**Exercise:** Below is a listing; restate from it, character for character, the lines beginning at the line holding "Usata Fiat Qubo" and ending at the line holding "EOS R100 24.1 Megapixel 4K Mirrorless Camera", both included.

**Excerpted records:**
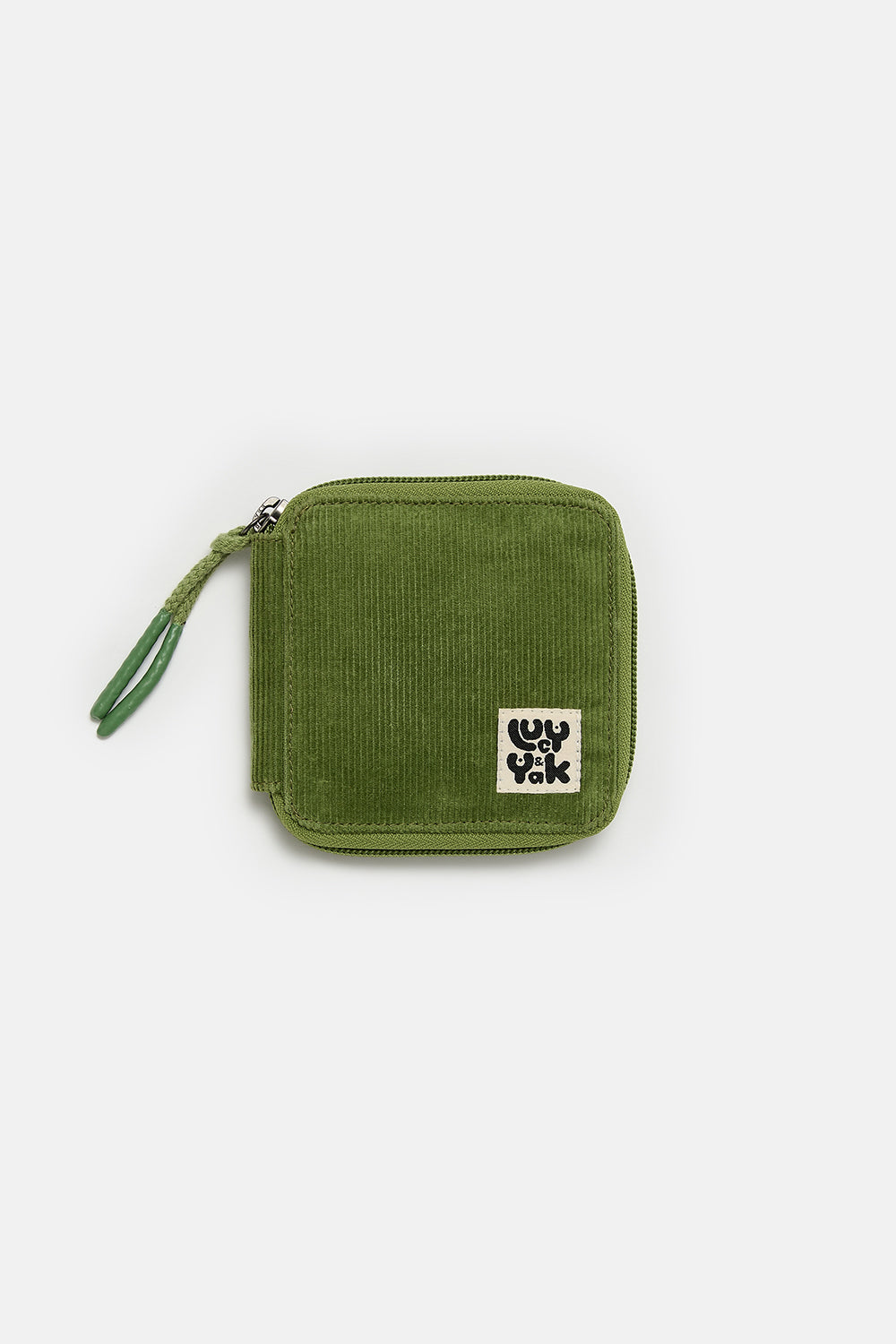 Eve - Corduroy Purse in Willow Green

==

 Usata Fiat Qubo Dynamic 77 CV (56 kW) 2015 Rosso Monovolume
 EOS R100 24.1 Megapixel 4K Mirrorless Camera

**Output below:**
 Usata Fiat Qubo Dynamic 77 CV (56 kW) 2015 Rosso Monovolume
 EOS R100 24.1 Megapixel 4K Mirrorless Camera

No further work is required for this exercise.